Wegens dit alles is hier een woord van groote hulde aan de nagedachtenis van Generaal-Majoor Jhr. L.M.A. von Schmid op zijn plaats voor al hetgeen hij, zoowel in als buiten den militairen dienst, voor 's Lands defensie heeft gewrocht. Hij leeft in onze gedachten voort als een der bekwaamste en scherpzinnigste officieren, die het Nederlandsche Leger heeft gekend.
Het is niet wel doenlijk in een kort bestek een eenigszins volledig overzicht te geven van den inhoud der geschriften, die Jhr. Von Schmid het licht heeft doen zien: de onderwerpen, die hij behandelde, zijn daartoe te veelvuldig; daarenboven zouden zij den meesten lezers van dit Jaarboek slechts matig belang inboezemen, daar de inhoud van zuiver krijgskundigen aard is. Slechts een enkele greep willen wij doen uit den rijken schat, dien zijne in den loop van bijna 50 jaren (1887-1936) verschenen geschriften opleverden, en wel voornamelijk om te doen zien hoe oorspronkelijk zijne gedachten waren.
Jhr. von Schmid heeft de gedachte geopperd, dat de forten in eene permanente verdedigingsstelling niet moeten zijn, als tot dusver steeds het geval was, woonforten, die eene bezetting hebben, die daar steeds verblijft, maar dat het moeten zijn wachtforten, waarvan de bezetting
| |
| |
periodiek, liefst dagelijks moet worden afgelost.
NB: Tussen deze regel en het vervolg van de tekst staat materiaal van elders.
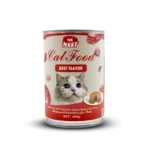 NEST WET FOOD FOR ADULT CAT PATE - Image 2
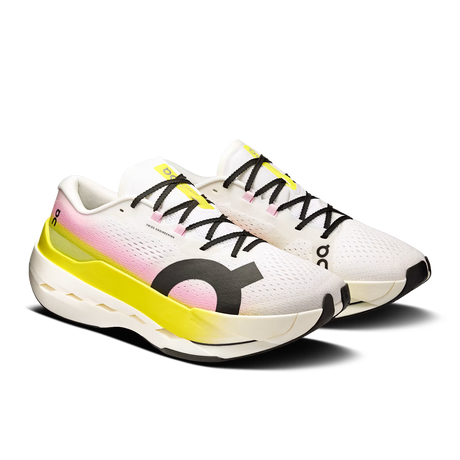 M On Cloudboom Max Lime Raspberry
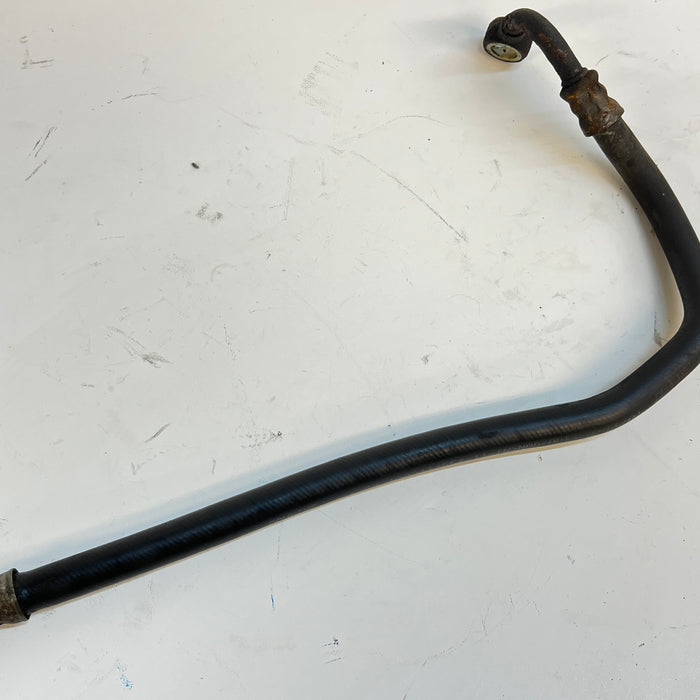 BMW E46 3 Series Power Steering Return Line Rack To Cooler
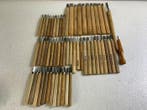 Grote partij van 57 traditionele Japanse, Antiek en Kunst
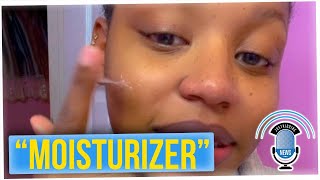 Woman Claims to Have Found the Secret to Glowing Skin (ft. Brandun Lee)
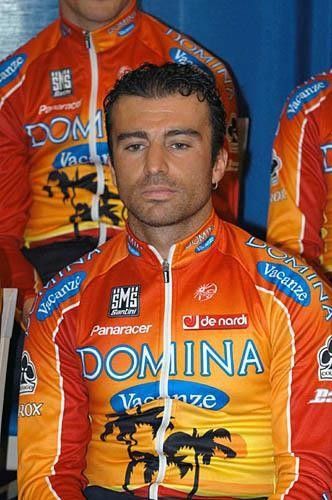 The Domina quick man Ivan Quaranta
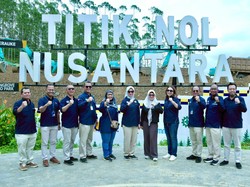 BPH Migas Kunjungi IKN Kota Modern Ramah Lingkungan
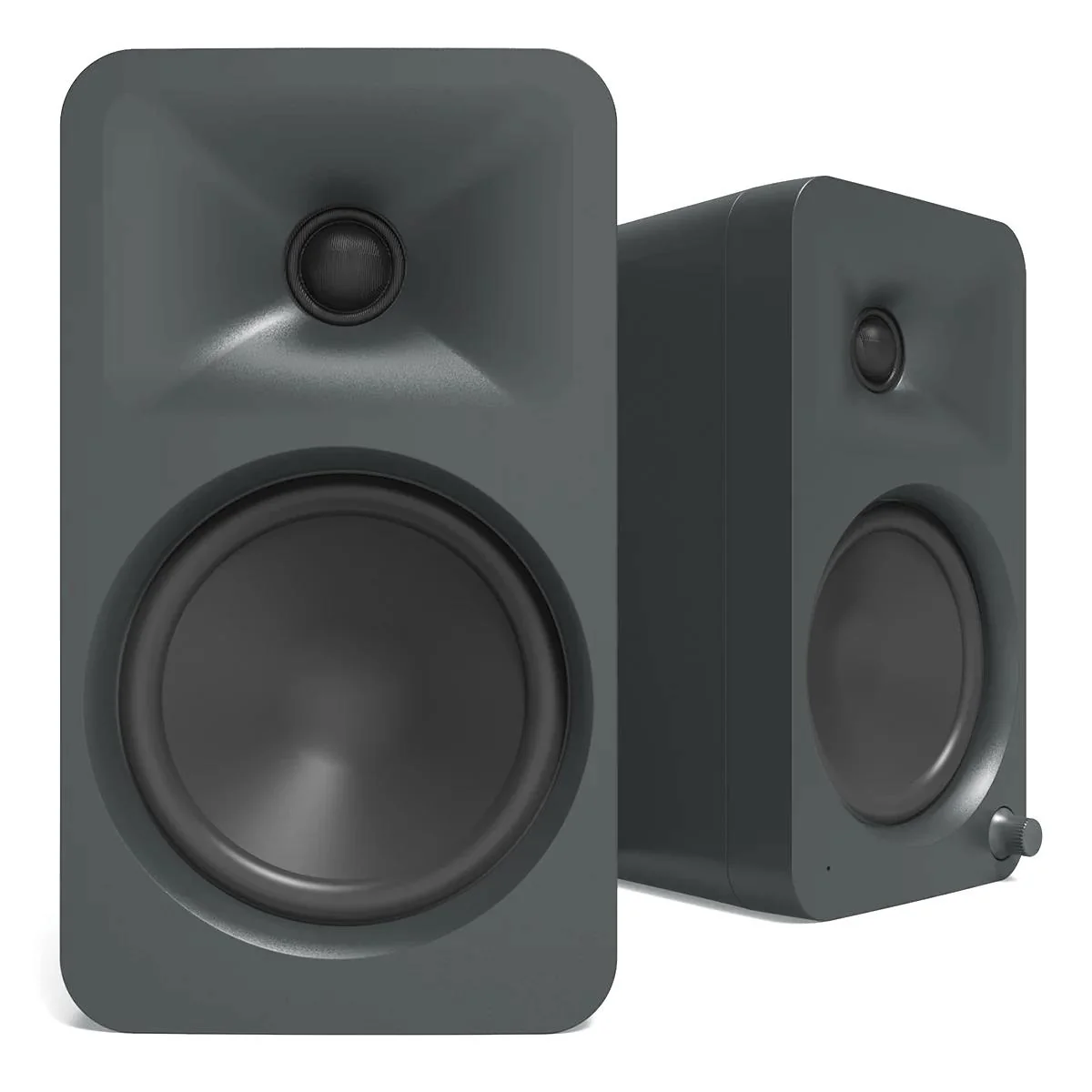 Image of Kanto ORA4 Powered Bluetooth Desktop Speakers - Pair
In de in 1896 verschenen brochure ‘De permanente inrichting van de Stelling van Amsterdam’ wordt, nadat geschilderd is, hoe het moreel van de blijvende bezetting van een fort, dat wekenlang aan eene beschieting en een dreigenden aanval heeft blootgestaan, zal zijn terneer gedrukt, ‘lang voor dat de stoffelijke sterkte van de te verdedigen post is uitgeput, soms zelfs voor deze noemenswaard heeft geleden’, dan het volgende gezegd: ‘Er is eene dienstregeling, die waarborgt, dat iederen nacht een frissche, ongeschokte infanteriebezetting met het handhaven van de stormvrijheid der forten zal belast zijn. Deze regeling berust op het periodiek, en in een bedreigd front dagelijks, voltallig aflossen van den bezettingstroep. Het denkbeeld om de bezetting slechts in de werken te doen verblijven tot het bewaken en bewaren van de post en haar daarin niet voortdurend te doen wonen, huishouden en rusten, is geenszins nieuw.’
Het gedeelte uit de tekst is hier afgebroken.